Sains Malaysiana 45(4)(2016): 653–658

Influence of Sintering Parameters on the Compressive Yield Strength of Stainless Steel Foams Produced by the Space Holder Method

(Pengaruh Parameter Pensinteran terhadap Kekuatan Alah Mampatan Keluli Tahan Karat Berbusa yang Dihasilkan melalui Kaedah Pengisi Pemegang Ruang)

TAN KOON TATT, NORHAMIDI MUHAMAD*, ANDANASTUTI MUCHTAR, ABU BAKAR SULONG

& NEO MING CHERNG

ABSTRACT

Metallic foams are a new class of materials that have a great potential to be used in various functional and structural applications. Due to their competitive price compared to aluminium, metallic foams are anticipated to become an alternative material for light-weight structures. In this study, stainless steel foams are fabricated using a powder space holder method. The materials used include stainless steel powder, a novel space holder glycine and binders consisting of palm stearin and of polyethylene (PE). The stainless steel foams are sintered at 1100oC, 1200oC and 1300oC with sintering times of 1, 2 and 3 h, respectively, to investigate the effects of the sintering parameters on the compressive yield strength of the stainless steel foams. The results showed that all of the stainless steel foams produced exhibit the general behaviours of metal foams. The sintering time is the most significant parameter that influences the compressive yield strength of stainless steel foams. Increasing the sintering temperature and sintering time will increase the compressive yield strength. The interaction between the sintering temperature and sintering time is found to be not statistically significant.

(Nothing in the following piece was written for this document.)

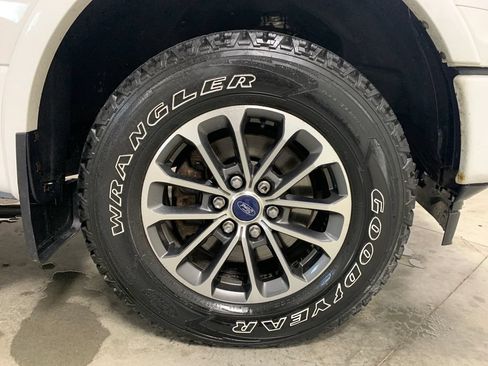 Used 2018 Ford F150 Lariat w/ Equipment Group 501A Mid AWD/4WD image 12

Keywords: ANOVA; compressive strength; metal foams; space holder

ABSTRAK

Logam berbusa merupakan kelas bahan terbaru yang mempunyai potensi yang besar untuk digunakan dalam pelbagai aplikasi fungsi dan struktur. Disebabkan harganya yang kompetitif berbanding dengan aluminium, logam berbusa dijangka menjadi bahan alternatif untuk struktur berat-ringan. Dalam kajian ini, keluli tahan karat berbusa difabrikasi menerusi kaedah pemegang pengisi ruang. Bahan yang digunakan termasuklah serbuk keluli tahan karat, pemegang pengisi ruang terbaru, glisina dan bahan pengikat yang terdiri daripada stearin sawit dan polietilena (PE). Keluli tahan karat berbusa disinter pada suhu 1100oC, 1200oC dan 1300oC dengan masa pensinteran masing-masing 1, 2 dan 3 jam untuk mengkaji kesan parameter pensinteran terhadap kekuatan mampatan keluli tahan karat berbusa. Keputusan kajian menunjukkan bahawa semua keluli tahan karat berbusa yang dihasilkan menunjukkan perilaku umum logam berbusa. Masa pensinteran merupakan parameter yang paling signifikan mempengaruhi kekuatan mampatan keluli tahan karat berbusa. Peningkatan suhu dan masa pensinteran akan meningkatkan kekuatan mampatan. Interaksi antara suhu pensinteran dan masa pensinteran didapati tidak ketara.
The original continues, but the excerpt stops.